As I said though, you have to judge these things by Hecker’s standards, filter it through the lense of his understanding. Hecker never was and by the evidence of Konoyo, is unlikely to ever come even close to being a minimalist. Much more than was the case with the choral voices of Love Streams the volume of Hecker’s music engulfs the contributions of his collaborative partner. Engulf seems like a great way of describing album opener and nine-minute ‘single’ This Life, which builds like the most epic post-rock, in amongst which you can hear all the different instruments surging back and forth with the electronics. It’s possible that much of Hecker’s concern for simplicity and elegance stems from an inability to resist just drowning his music and that of his partners in an ambient chaos.

This isn’t to say that Konoyo doesn’t work, a track like This Life seems more like a nirvana of moving parts, contributing to a neatly revolving cosmos of sound.

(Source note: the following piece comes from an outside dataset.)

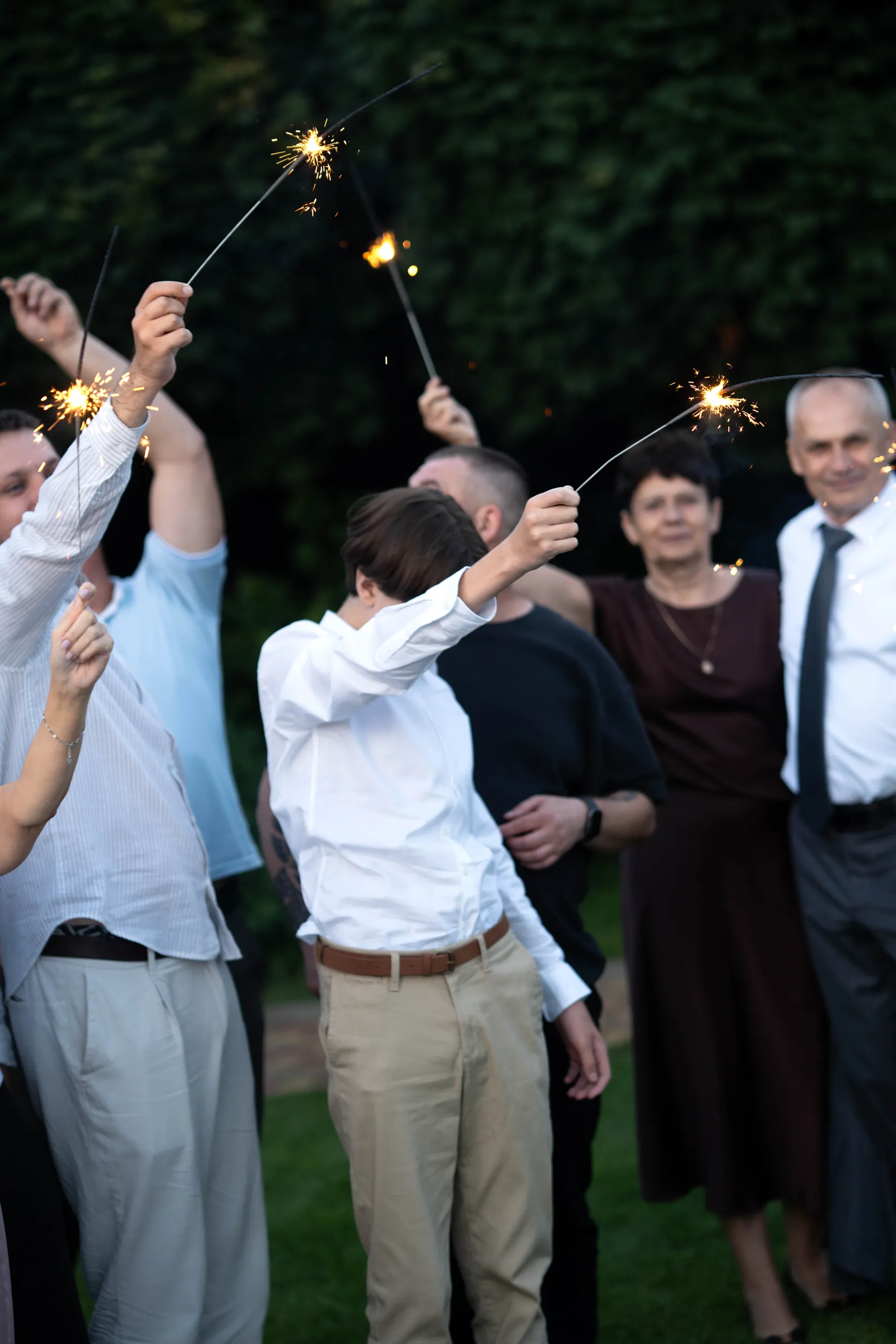 Żywy moment przyjęcia z rodziną i przyjaciółmi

I was a little surprised when I thought about it: for all of the noise, this is an elegant gesture. Konoyo, which means ‘this world’, does indeed appear to try and illustrate all there is: from the savage, metallic stabs of Keyed Out, to the vanishing, elegaic ambience of A Rose Petal Of The Dying Crimson Light and the calm, river of sounds that is Mother Earth Phase.

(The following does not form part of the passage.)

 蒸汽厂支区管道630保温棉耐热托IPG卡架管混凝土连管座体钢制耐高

I don’t know where Konoyo will satisfy Tim Hecker in his own journey, searching for meaning in music. For my own purposes and to harp on a point, there’s an awful lot to digest for something which was conceived as a work of minimal gestures. However, the moments of revelation, where the pattern coheres, are worth the price of admission alone: how many ambient artists can actually say they successfully demonstrate their concepts in their music? I hope Hecker can find some satisfaction in that.

- Chris Cobcroft.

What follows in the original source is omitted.